The U.S. District Court of Northern California blocked the Department of the Interior’s (DOI) postponement of an Obama-era rule regulating royalties paid by energy companies on federal and tribal lands Wednesday.
Interior Secretary Ryan Zinke began repealing the Consolidated Federal Oil and Gas and Federal and Indian Coal Valuation Reform Rule in order to replace it with “more workable” regulations.
The court ruled that the DOI violated the Administrative Procedure Act when it postponed the rule after it was in effect and did not seek public comment on its full repeal, according to court documents.
The Obama-era rule was implemented to prevent energy companies from using a loophole to avoid paying royalties when mining on public land, Reuters reports.

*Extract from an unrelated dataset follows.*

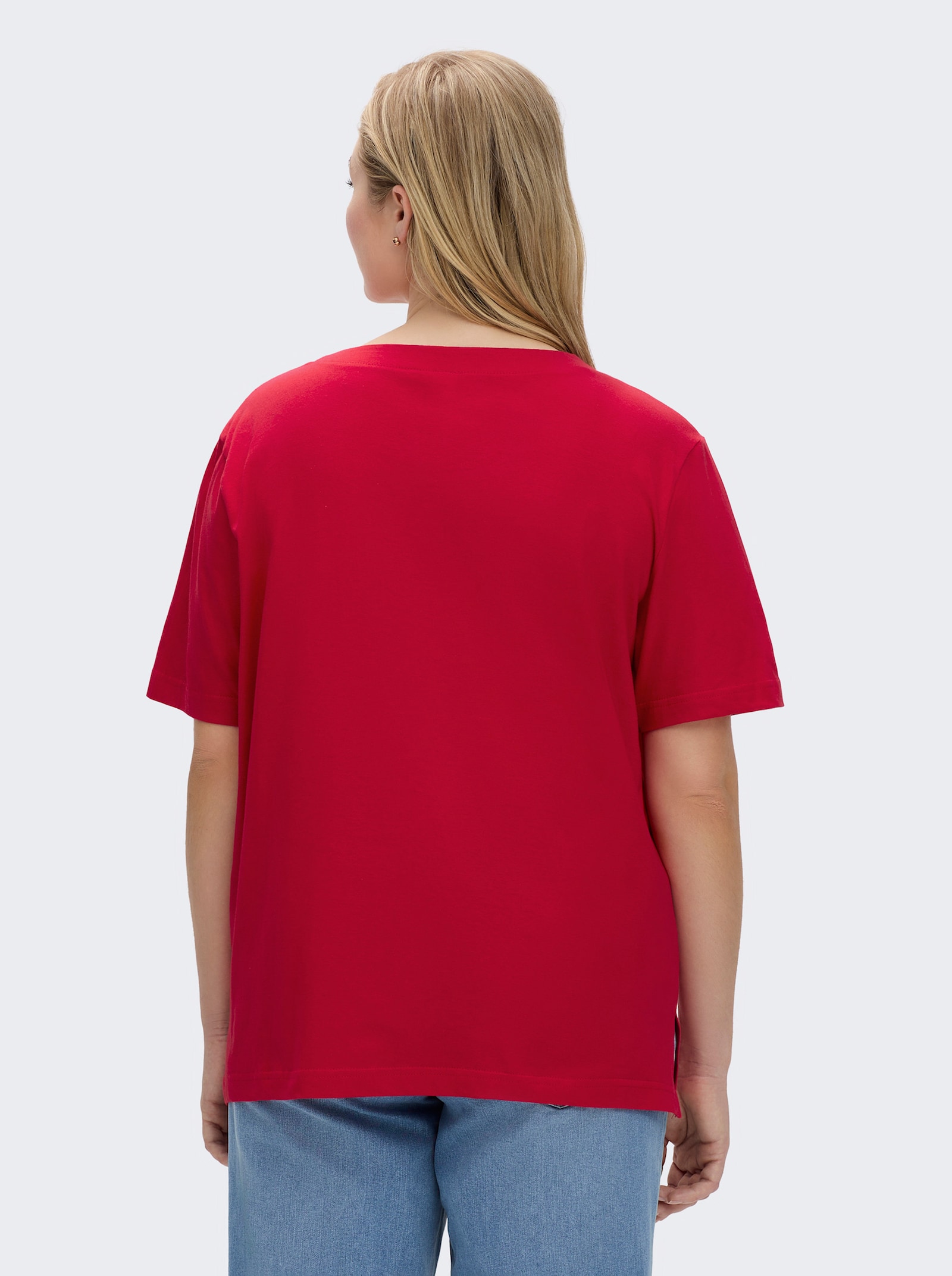 Kurzarmshirt mit Muschel-Druck - rot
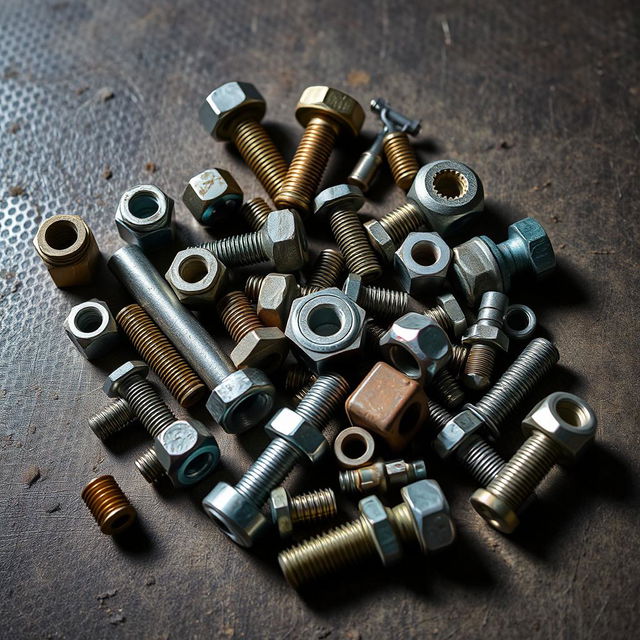 A collection of automotive parts, including bolts, nuts, and various auto components, artistically arranged on a textured surface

The Office of Natural Resources Revenue found the rule had “several significant defects … that would have undermined its purpose and intent,” according to the Federal Register.
“Repealing the Valuation Rule restores our economic freedom by ensuring our energy independence,” Zinke said in a DOI press release. “The increased costs associated with the Valuation Rule had the potential to decrease exploration and production on Federal lands, both onshore and offshore, making us rely more and more on foreign imports of oil and gas.”
Professor Richard Revesz, director of the Institute for Policy Integrity at New York University School of Law, applauded the court ruling in a statement provided to The Daily Caller News Foundation.
“This ruling is another example of how federal agencies under President Trump have been using illegal maneuvers to roll back environmental safeguards,” Revesz said. “By ignoring the rule of law, the administration has turned its anti-regulatory strategy into a house of cards.”